視えない世界も、視える世界もひっくるめて、
この世を遊ぶように楽しんでいこうと思ってます♪

今週の東京の空はきれいでした~!
お盆で帰省している人が多かったのでしょうね。道路もがらがら。また明日くらいから都心にも人が戻り、いつもの喧騒と空気に戻るのかも知れませんが、しばしのきれいな空を楽しみました。

いまさら水星の逆行の影響を受けているのか、書きたいと思うお題が割と内省的なこのごろ。ブログもハワイの話から外れて、ちょっと暗めな感じです(笑)

でも、もともと底抜けに明るい!ってタイプでもないんですよね~!あたし。
と開き直ってみる(笑)

そして、さらにいまさらながら、星野道夫さんの本を読んで感動しています。以前のあたしが持っていた星野さんのイメージは、厳しい自然を撮影する逞しい男性カメラマンでした。だから星野さんの写真はたくさん見たけれど、本は読まなかったのです。それがあるきっかけで読んでみたのですが、その目線の優しさにびっくりしました。

アラスカの自然や、そこに暮らす人を描写する言葉がいかに優しく気遣いに溢れていることか…過去を知り、未来に生きる子どもに思いを馳せ、しかし、今を生きることの大切さを書いている。しかも、押し付けがましくないのは、たくさんの経験をしているからなのでしょう。

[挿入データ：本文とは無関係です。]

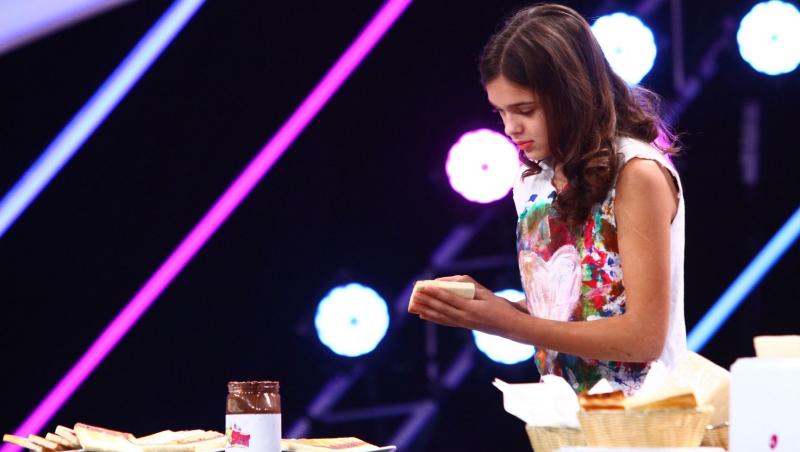 Alina Eremia, impresionată de o fetiță care realizează un tablou din pâine prăjită și ciocolată: „Este foarte ingenios”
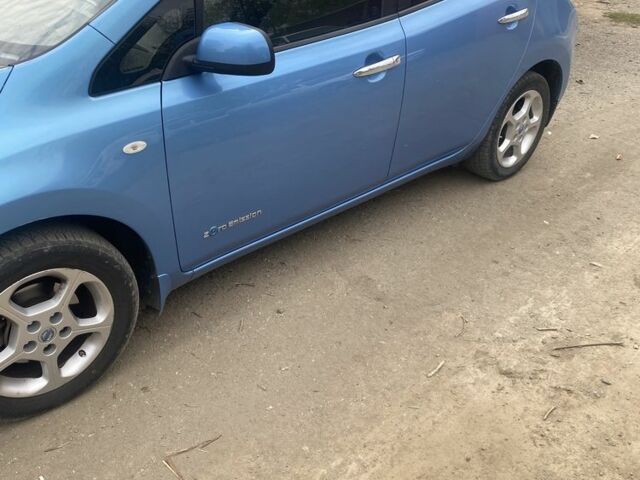 Синий Ниссан Лиф, объемом двигателя 0 л и пробегом 182 тыс. км за 4700 $, фото 5 на Automoto.ua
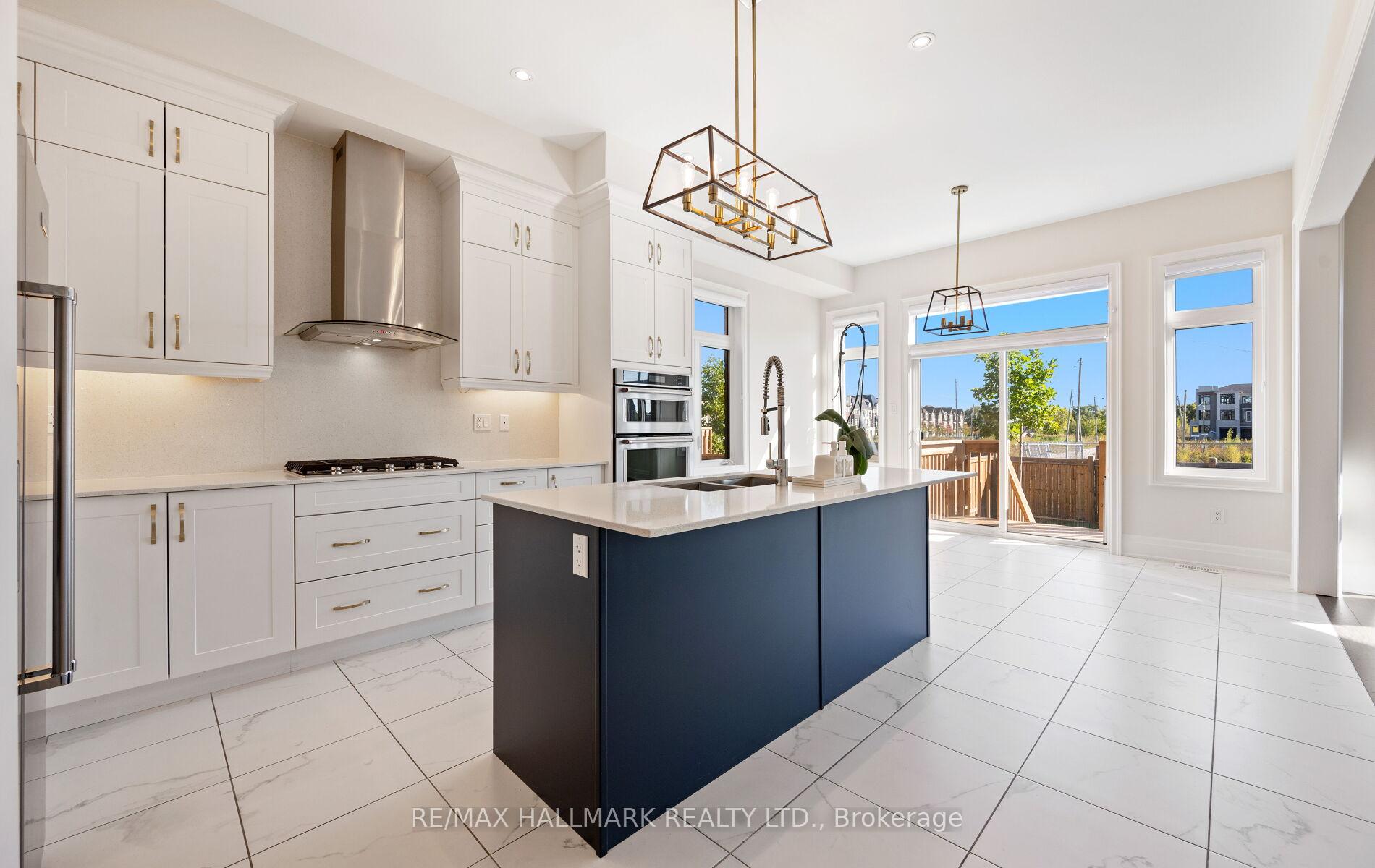 Photo 8 of 123 Bond Crescent, Richmond Hill, Oak Ridges — HOMEH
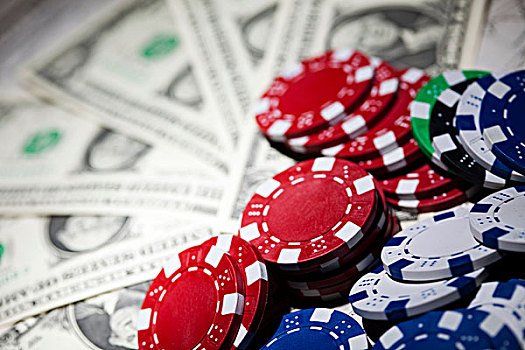 pp slots demo မိုဘိုင်းအက်ပ် မြန်မာနိုင်ငံ ကစားသမား ဖုန်းဖြင့် Live Casino ကစားနေသောပုံ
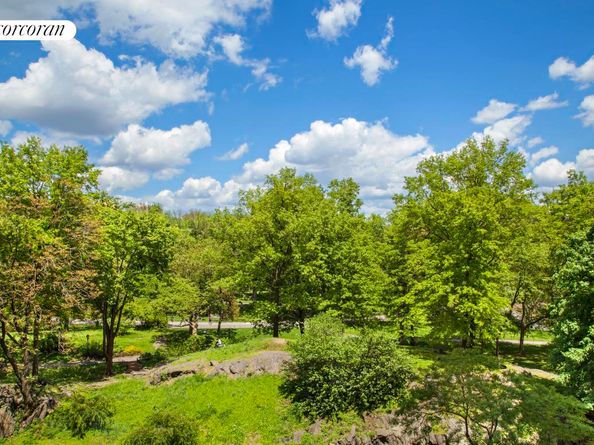 160 Central Park S 401A, New York NY 10019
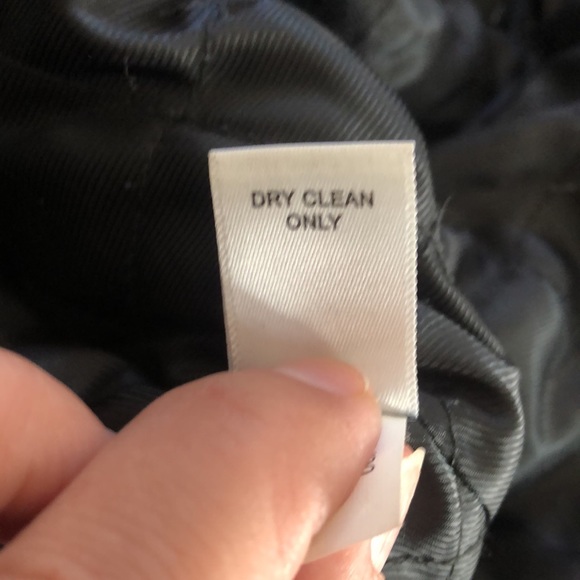 Banana Republic faux-fur vest - size small - Picture 6 of 6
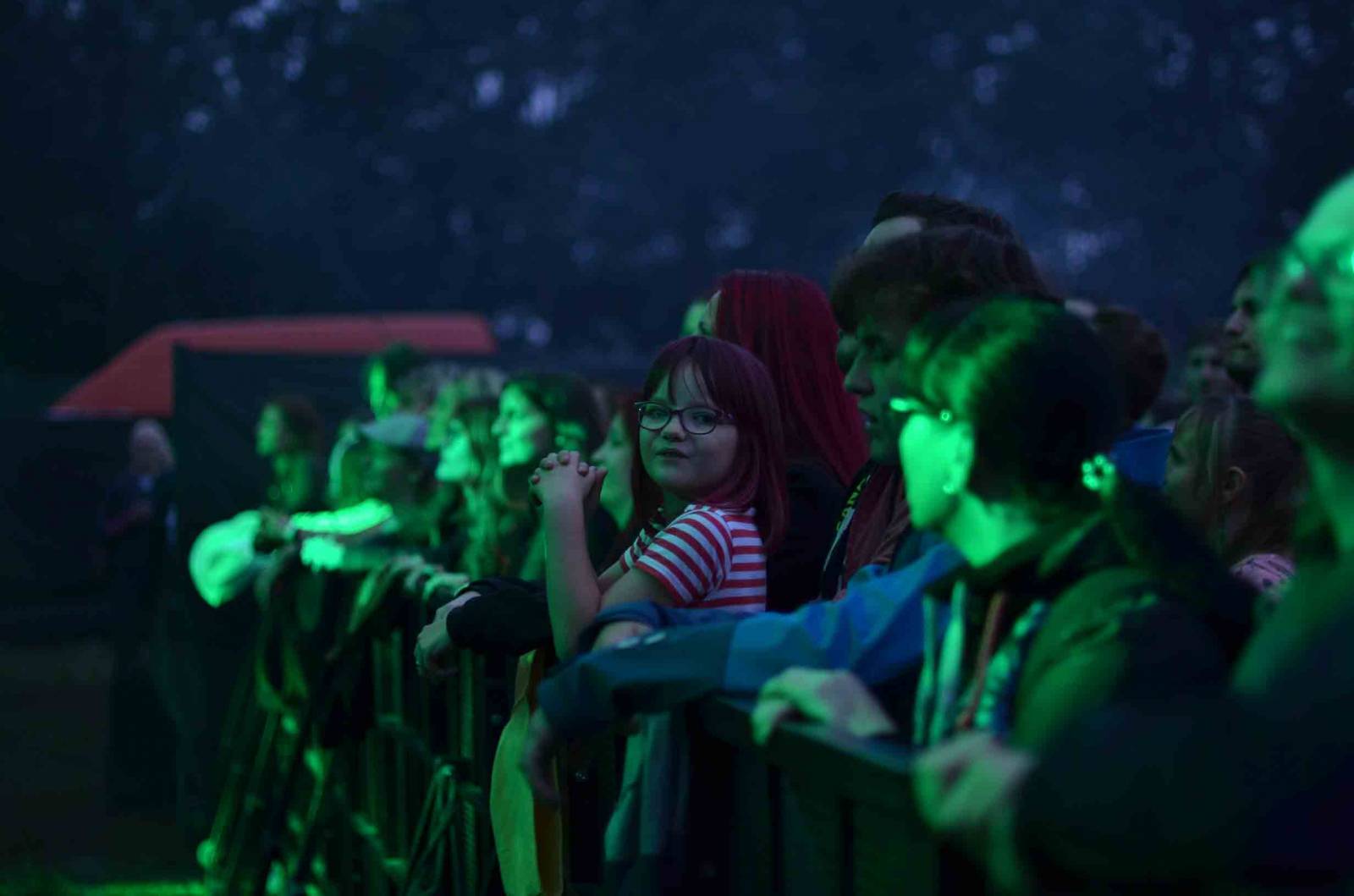 Vypsaná fiXa zahrála na Žižkově. Odvážlivci skákali z pódia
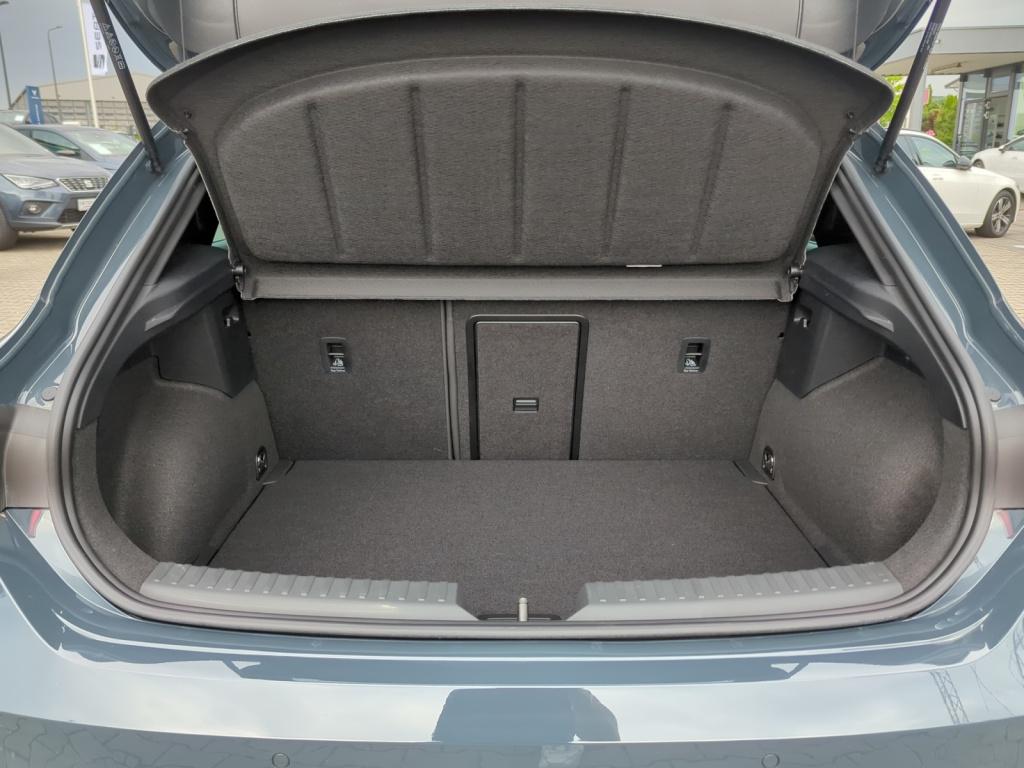 Leon 1.5 eTSI DSG+NAVI+DYNAMIC+SENNHEISER ACC LM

星野さんの文章には「悲しみ」という言葉が数限りなく出てきます。まるで、人間の根本は悲しみで出来ているとでも言うかのように。その悲しみと言うのは、親しい友人を亡くしたときの悲しみももちろんあるのでしょうが、もっと究極なのです。ひとつの生命は他の生命の犠牲の上に成り立っていることから発生する悲しみというようにあたしには見えました。

食物連鎖がある以上、あたしだって生きていくためには他の生命を摂っています。昨日食べたチキンだって、大豆だって、他の命です。それが意識していなくても心に染み込んでいる。無意識の世界で根付いている。それを思ったとき、自分を取り巻くさまざまなものの気配を感じることができました。

そして、もうひとつ。
人間の根底に悲しみがあると考えたとき、なんだかとっても救われた気がしたのです。悲しんでも良いんだ、と思うことのなんと優しいことか。星野さんの本の中では、「悲しみ=優しさ」と置き換えることができるような気がしました。

最近の流れとして、社会全体にポジティブでなければならない、自分が確立していなければならないという強迫観念が感じられます。しかし、悲しみと言うのはポジティブではありません。
それなのに、星野さんの本に描かれる悲しみは、これ以上ないくらい優しさと同義なのです。立ち上がれないときに自分を守ってくれる薄い膜の中でじっと浸り、浸りきって目を上げたときに優しい風を感じさせてくれるようなそんな感じがします。

それにしても、写真ももちろんですが、言葉と言うのも強い力を持っていますね!
星野さんも若くして亡くなりましたが、最近ハワイでも才能あるミュージシャンやクムフラが50代で次々に亡くなっています。きっと天国は賑やかでどんどん美しくなっているのでしょうね。